You approve an MCP server once, the tools look benign, and your agent starts using them. Weeks later the server quietly changes what those tools do — and nothing asks you to re-approve. That's a rug pull, and it's one of the nastiest attacks against MCP precisely because the protocol has no built-in mechanism to notice a tool definition has shifted underneath it.
How a rug pull works
The attack splits trust from behaviour in time. First, the server exposes genuinely useful, harmless tools to earn your one-time approval — the moment of human scrutiny. Once that approval is banked, the server silently alters a tool's definition, description or behaviour. Because MCP doesn't track tool-definition changes or force re-approval when they happen, your agent keeps calling a tool whose meaning has changed. The malicious payload lives in the tool definition itself, which every session shares, so a single poisoned definition compromises every agent that calls it until someone notices and pulls it.
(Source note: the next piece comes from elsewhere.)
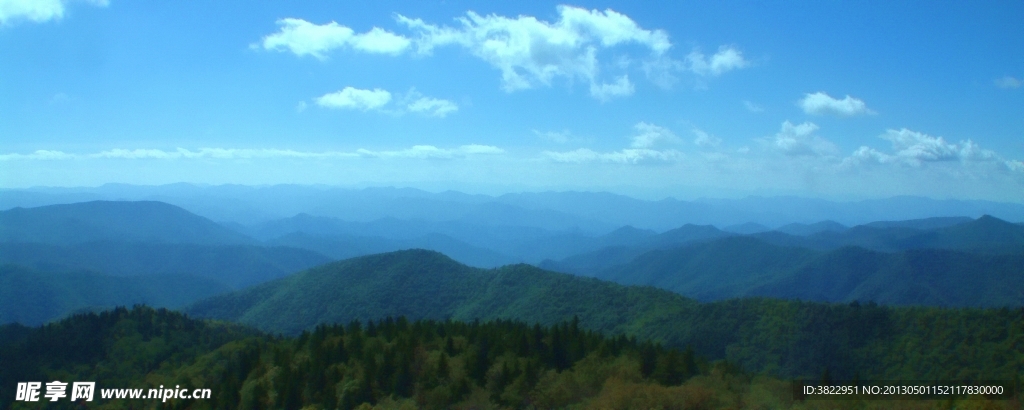宽幅山川风景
Rug pull vs tool poisoning
The two are cousins. Tool poisoning is deploying a tool that masquerades as legitimate from the start, hoping the user or the model picks it. A rug pull is the time-delayed variant: clean at approval, malicious afterwards. Both operate at the supply-chain layer — the definition, not the call — which is what makes them slip past defences built only to inspect runtime arguments. If your security model trusts a tool forever because you vetted it once, both attacks beat it.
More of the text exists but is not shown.